11. A method according to any one of the preceding claims, wherein b1) in composition B is at least one fluoride complex selected from the group consisting of fluoride complexes of tinane, zirconium and hafnium.

12. A process according to any of the preceding claims, wherein the content of free fluoride in composition B is in the range from 0.015 to 0.15 g / l.

13. The method according to any of the preceding claims, in which the composition B further comprises b3) at least one type of cation selected from the group consisting of metal cations of transition groups 1-3 and 5-8, including lanthanides, as well as main group 2 The Periodic Table of the Elements, as well as lithium, bismuth and tin and / or at least one corresponding compound.

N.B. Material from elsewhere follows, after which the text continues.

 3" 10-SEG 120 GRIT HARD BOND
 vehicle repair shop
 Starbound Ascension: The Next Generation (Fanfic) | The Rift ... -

14. The method according to claim 13, wherein b3) is at least one type of cation selected from the group consisting of cerium cations and additionally lanthanides, chromium, iron, calcium, cobalt, copper, magnesium, manganese, molybdenum, nickel, niobium, tantalum, yttrium, vanadium, lithium, bismuth, zinc and tin and / or at least one corresponding compound.

15. A process according to claim 14, wherein the compositions B comprises zinc cations, copper cations and / or cerium cations and / or at least one molybdenum compound as b3).

16. The method according to claim 15, wherein the composition B comprises from 0.1 to 5 g / L of zinc cations, from 5 to 50 mg / L of copper cations and / or from 5 to 50 mg / L of cerium cations and / or from 10 to 100 mg / l of at least one molybdenum compound (calculated as molybdenum) as b3).

17. A method according to any of the preceding claims, wherein the metal surface comprises steel and / or galvanized steel.

18. Aqueous composition A to improve the anti-corrosion pretreatment of a metal surface including steel, galvanized steel, aluminum, magnesium and / or zinc-magnesium alloy according to any one of claims. 1-4.

19. A concentrate in which composition A according to claim 18 can be obtained therefrom by dilution with water and optionally adjusting the pH.

20. Metal surface, including steel, galvanized steel, aluminum, magnesium and / or zinc-magnesium alloy, in which it was coated by the method according to any one of claims. 1-17 and the formed coating has a layer mass determined by XRF:

i) 5 to 500 mg / m ² based on component b1) alone (calculated as zirconium) and optionally

ii) from 0.5 to 50 mg / m ² based on component b2) only (in terms of silicon).

21. The use of a metal substrate that has been coated by the method according to any one of claims. 1-17, in the automotive industry, for railway cars, in the aerospace industry, in the construction of apparatus, in mechanical engineering, in the construction industry, in the furniture industry, for obtaining emergency guards, lamps, profiles, external cladding or small parts, for obtaining a body or body parts, individual components, pre-assembled or prefabricated elements, preferably in the automotive or aviation industry, for the production of apparatus or equipment, especially household appliances, control equipment, test instruments or building elements.